Short text fragments from websites |
::::::::
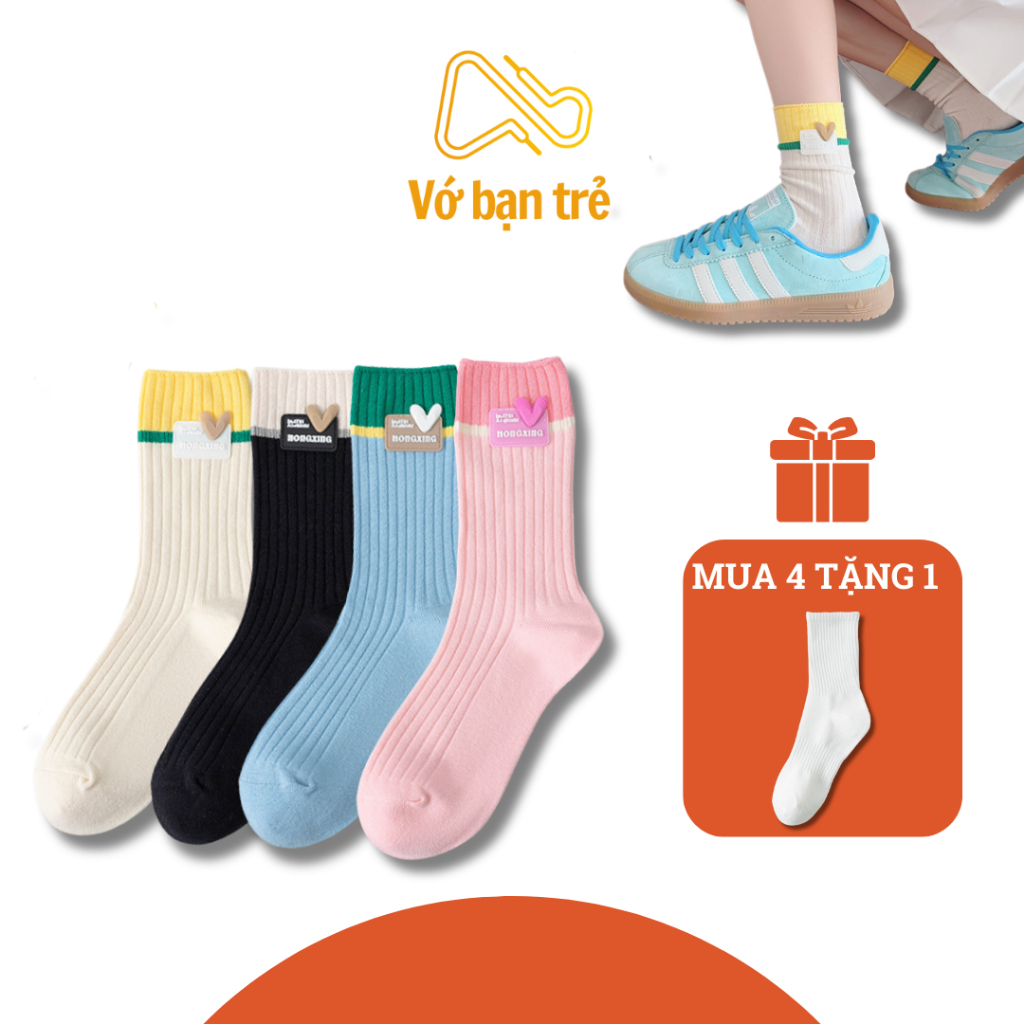 Tất xinh cổ trung gân sọc 2 màu VOBANTRE chất cotton co dãn thấm hút mồ hôi
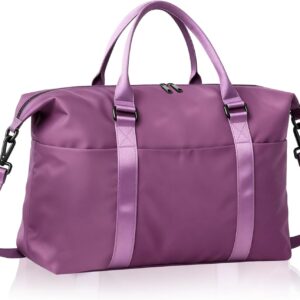 Weekender Duffel Bags for Women, Purple Travel Totes Bag for Airplane Essentials, Overnight Bags for Women with Trolley Sleeve, Large Carry On Hospital Bag for Labor and Delivery, Sport, Gym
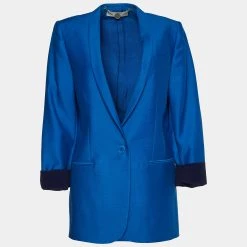 Stella McCartney Blue Wool Silk Mid-Length Blazer M For Women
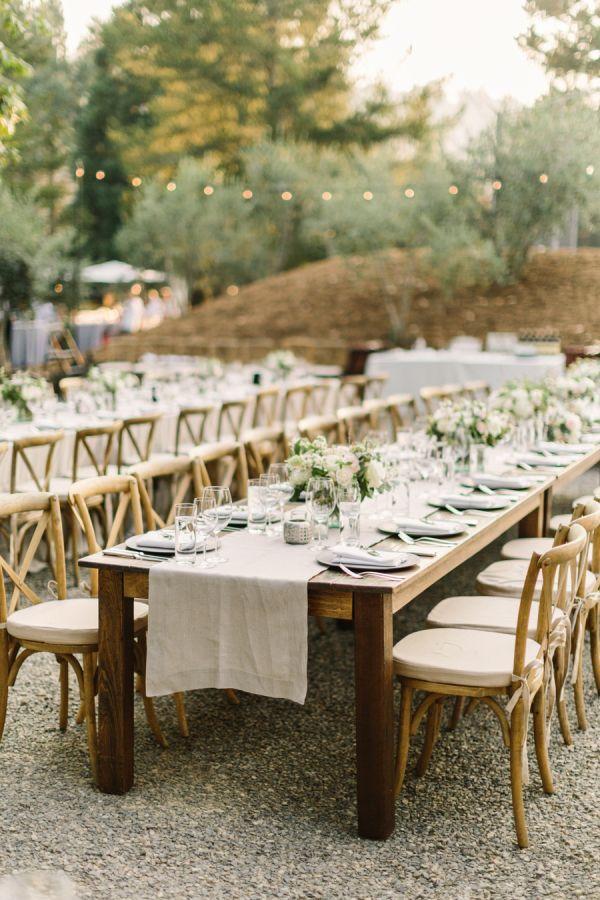 Rustic backyard wedding tablescapes
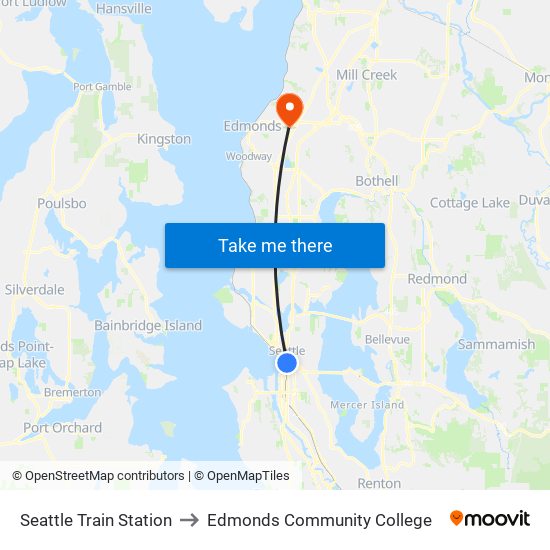 Seattle Train Station to Edmonds Community College map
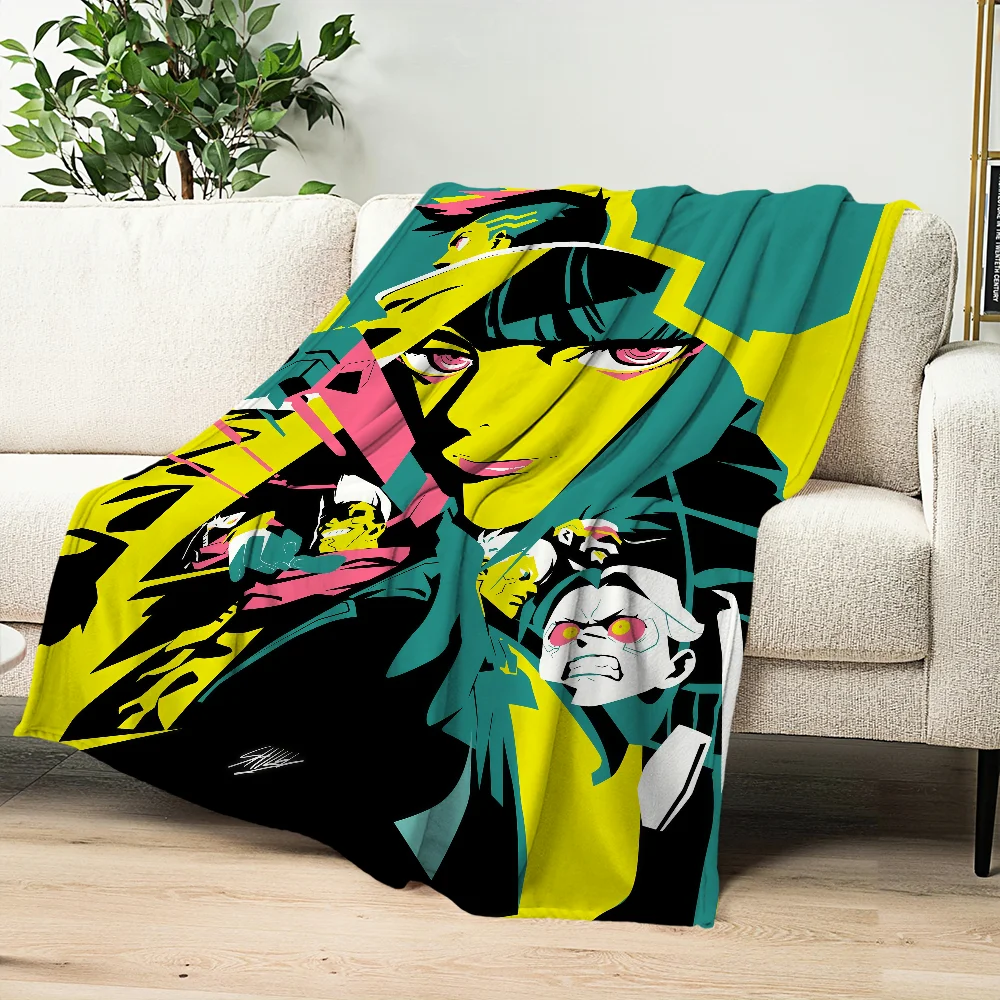 

cartoon Flannel warm comfort C-Cyberpunk soft plush blanket for sofa living E-Edgerunners room office anime bedroom travel gift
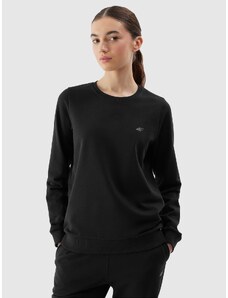 4F Sieviešu sporta džemperis bez kapuces - melns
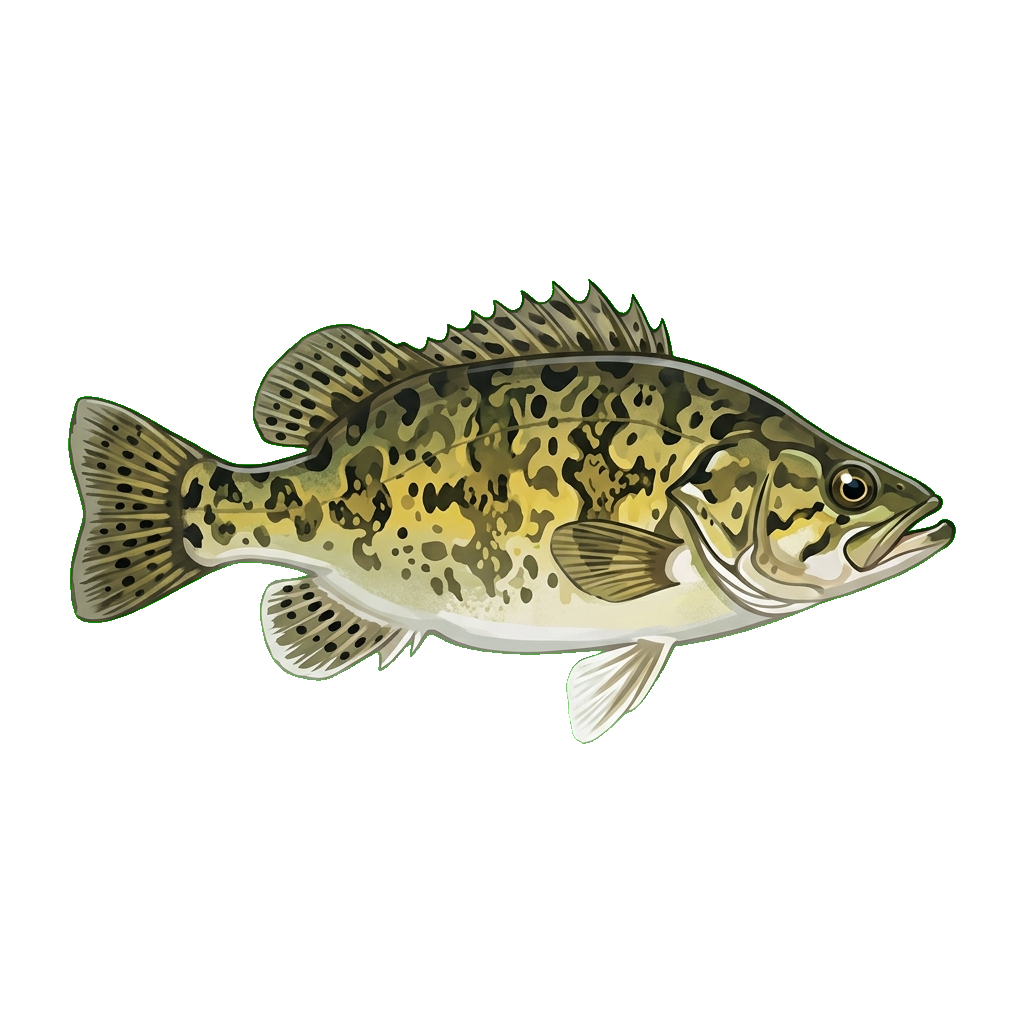 Stylized 2D illustration of Mandarin fish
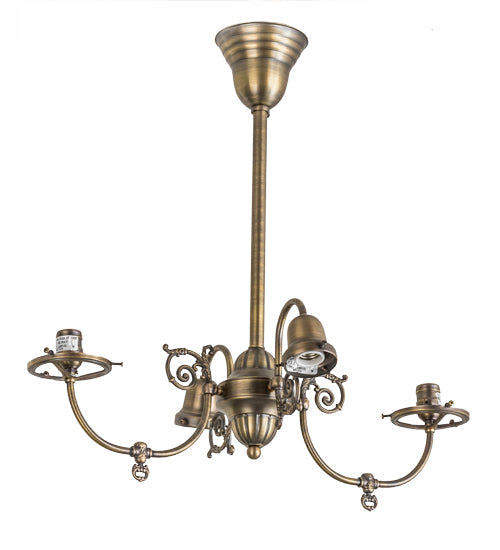 Meyda 25"L Revival Gas & Electric 4 LT Oblong Chandelier Hardware'101797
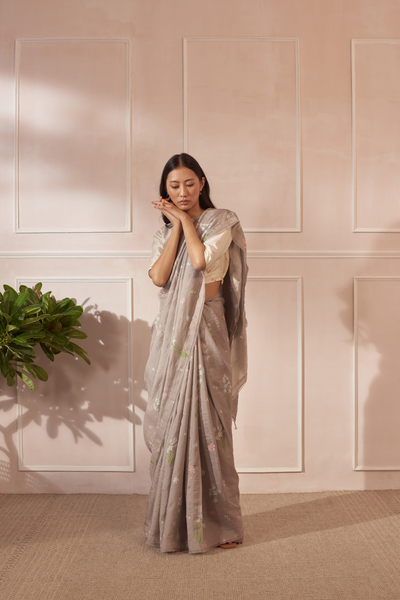 Rajnigandha and Periwinkle Mulberry Silk Sari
::::::::
Exercise aim | The records above should be duplicated exactly, with none of their pictures kept.

Response |
 Tất xinh cổ trung gân sọc 2 màu VOBANTRE chất cotton co dãn thấm hút mồ hôi
 Weekender Duffel Bags for Women, Purple Travel Totes Bag for Airplane Essentials, Overnight Bags for Women with Trolley Sleeve, Large Carry On Hospital Bag for Labor and Delivery, Sport, Gym
 Stella McCartney Blue Wool Silk Mid-Length Blazer M For Women
 Rustic backyard wedding tablescapes
 Seattle Train Station to Edmonds Community College map

cartoon Flannel warm comfort C-Cyberpunk soft plush blanket for sofa living E-Edgerunners room office anime bedroom travel gift
 4F Sieviešu sporta džemperis bez kapuces - melns
 Stylized 2D illustration of Mandarin fish
 Meyda 25"L Revival Gas & Electric 4 LT Oblong Chandelier Hardware'101797
 Rajnigandha and Periwinkle Mulberry Silk Sari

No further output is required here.